I am trying to get the count individual column to publish metrics. I have a I have a df [customerId : string, totalRent : bigint, totalPurchase: bigint, itemTypeCounts: map<string, int> ]
Right now I am doing :
val totalCustomers = df.count
val totalPurchaseCount = df.filter("totalPurchase > 0").count
val totalRentCount = df.filter("totalRent > 0").count
publishMetrics("Total Customer", totalCustomers )
publishMetrics("Total Purchase", totalPurchaseCount )
publishMetrics("Total Rent", totalRentCount )
publishMetrics("Percentage of Rent", percentage(totalRentCount, totalCustomers) )
publishMetrics("Percentage of Purchase", percentage(totalPurchaseCount, totalCustomers) )

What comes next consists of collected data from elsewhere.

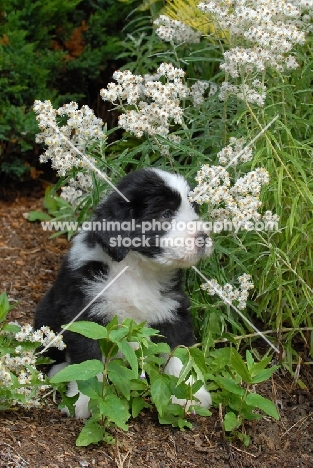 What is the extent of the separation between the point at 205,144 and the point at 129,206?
111 cm

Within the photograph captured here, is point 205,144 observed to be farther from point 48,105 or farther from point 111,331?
point 111,331

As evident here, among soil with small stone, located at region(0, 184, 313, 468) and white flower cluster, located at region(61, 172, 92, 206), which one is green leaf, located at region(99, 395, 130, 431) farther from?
white flower cluster, located at region(61, 172, 92, 206)

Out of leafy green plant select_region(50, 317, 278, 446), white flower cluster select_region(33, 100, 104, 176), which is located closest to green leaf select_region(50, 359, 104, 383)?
leafy green plant select_region(50, 317, 278, 446)

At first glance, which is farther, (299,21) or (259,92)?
(299,21)

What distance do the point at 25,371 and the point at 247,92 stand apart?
6.33 feet

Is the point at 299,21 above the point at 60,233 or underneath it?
above

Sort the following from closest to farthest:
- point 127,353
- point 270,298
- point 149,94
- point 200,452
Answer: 1. point 127,353
2. point 200,452
3. point 149,94
4. point 270,298

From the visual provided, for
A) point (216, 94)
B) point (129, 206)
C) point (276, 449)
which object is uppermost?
point (216, 94)

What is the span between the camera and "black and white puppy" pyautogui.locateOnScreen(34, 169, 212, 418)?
3693mm

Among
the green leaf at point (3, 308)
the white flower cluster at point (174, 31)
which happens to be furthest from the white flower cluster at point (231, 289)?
the white flower cluster at point (174, 31)

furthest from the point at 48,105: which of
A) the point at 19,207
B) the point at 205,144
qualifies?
the point at 19,207

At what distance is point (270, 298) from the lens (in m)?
4.45

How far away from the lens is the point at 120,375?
332cm

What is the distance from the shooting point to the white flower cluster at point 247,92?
4.05 meters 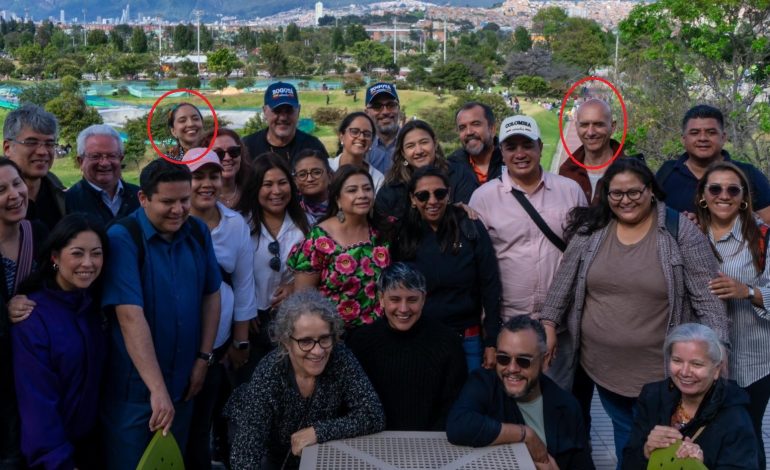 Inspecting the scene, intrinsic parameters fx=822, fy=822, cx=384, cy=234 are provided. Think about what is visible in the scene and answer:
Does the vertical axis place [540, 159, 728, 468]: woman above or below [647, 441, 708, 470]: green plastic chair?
above

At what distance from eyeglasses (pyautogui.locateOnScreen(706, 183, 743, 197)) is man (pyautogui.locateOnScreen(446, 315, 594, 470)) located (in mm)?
1053

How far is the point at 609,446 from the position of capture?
200 inches

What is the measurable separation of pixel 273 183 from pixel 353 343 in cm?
102

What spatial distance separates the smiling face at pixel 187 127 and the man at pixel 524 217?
1893mm

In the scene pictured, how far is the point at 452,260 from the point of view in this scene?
3959mm

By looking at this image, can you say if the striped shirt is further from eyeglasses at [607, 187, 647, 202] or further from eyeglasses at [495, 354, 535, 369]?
eyeglasses at [495, 354, 535, 369]

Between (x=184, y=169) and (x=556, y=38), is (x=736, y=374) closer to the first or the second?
(x=184, y=169)

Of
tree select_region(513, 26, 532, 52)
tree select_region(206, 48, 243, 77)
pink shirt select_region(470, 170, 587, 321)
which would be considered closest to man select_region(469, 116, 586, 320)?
pink shirt select_region(470, 170, 587, 321)

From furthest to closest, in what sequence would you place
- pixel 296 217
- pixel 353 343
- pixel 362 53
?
pixel 362 53 → pixel 296 217 → pixel 353 343

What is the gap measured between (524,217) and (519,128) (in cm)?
45

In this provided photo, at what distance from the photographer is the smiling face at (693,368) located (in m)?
3.13

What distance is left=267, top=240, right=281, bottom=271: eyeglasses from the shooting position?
4.16m

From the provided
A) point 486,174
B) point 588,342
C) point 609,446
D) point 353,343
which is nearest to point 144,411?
point 353,343

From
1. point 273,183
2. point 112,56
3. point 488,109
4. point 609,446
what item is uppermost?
point 112,56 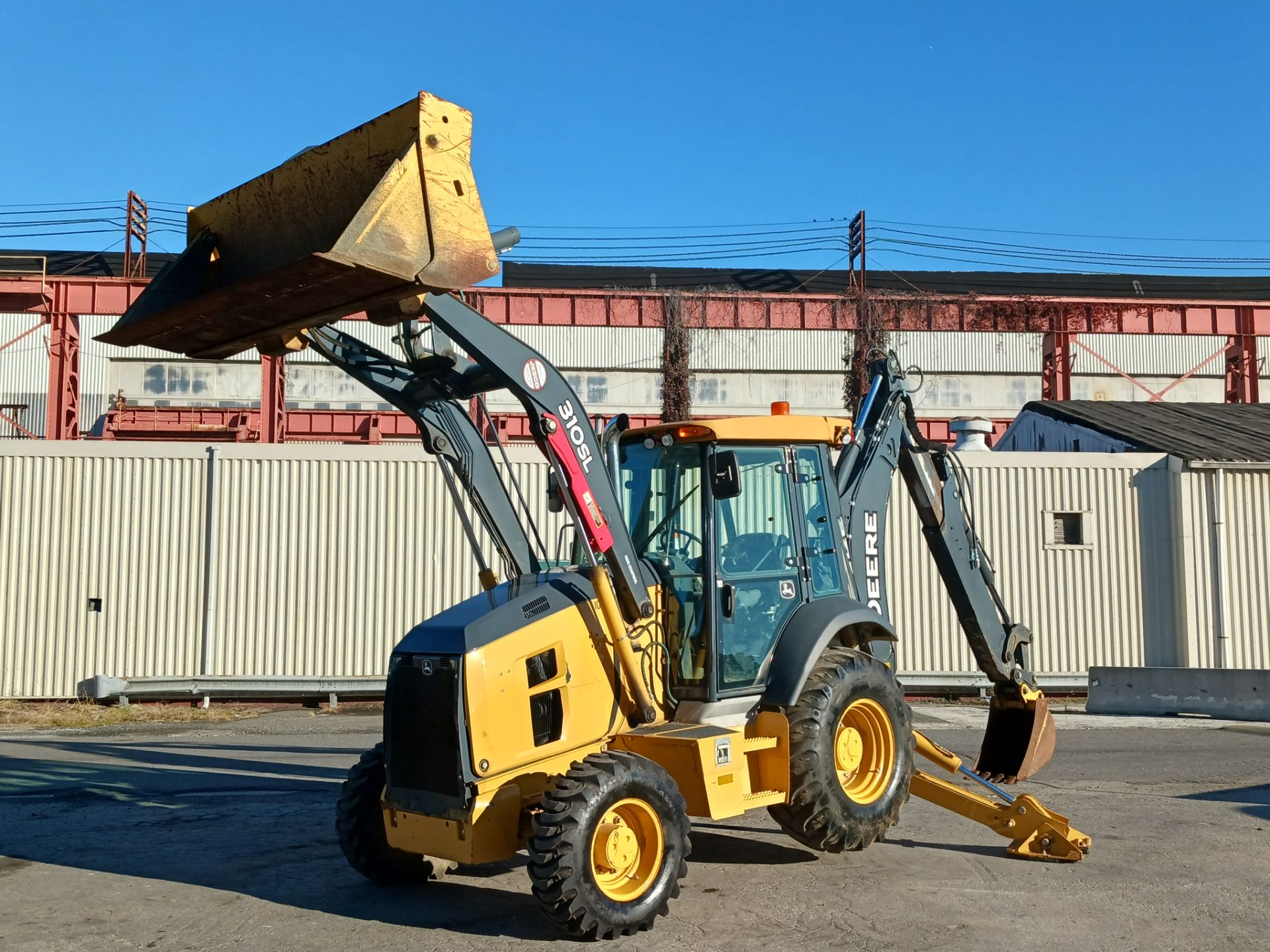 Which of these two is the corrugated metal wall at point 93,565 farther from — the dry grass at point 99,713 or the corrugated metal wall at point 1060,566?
the corrugated metal wall at point 1060,566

private def percentageCalc(num: Long, denom: Long): Double = {
val numD: Long = num
val denomD: Long = denom
return if (denomD == 0.0) 0.0
else (numD / denomD) * 100
}
But I am not sure how do I do this for itemTypeCounts which is a map. I want count and percentage based on each key entry. The issue is the key value is dynamic , I mean there is no way I know the key value before hand. Can some one tell me how do get count for each key values. I am new to scala/spark, any other efficient approaches to get the counts of each columns are much appreciated.
Sample data :
customerId : 1
totalPurchase : 17
totalRent : 0
itemTypeCounts : {"TV" : 4, "Blender" : 2}
customerId : 2
totalPurchase : 1
totalRent : 1
itemTypeCounts : {"Cloths" : 4}
customerId : 3
totalPurchase : 0
totalRent : 10
itemTypeCounts : {"TV" : 4}
So the output is :
totalCustomer : 3
totalPurchaseCount : 2 (2 customers with totalPurchase > 0)
totalRent : 2 (2 customers with totalRent > 0)
itemTypeCounts_TV : 2
itemTypeCounts_Cloths : 1
itemTypeCounts_Blender : 1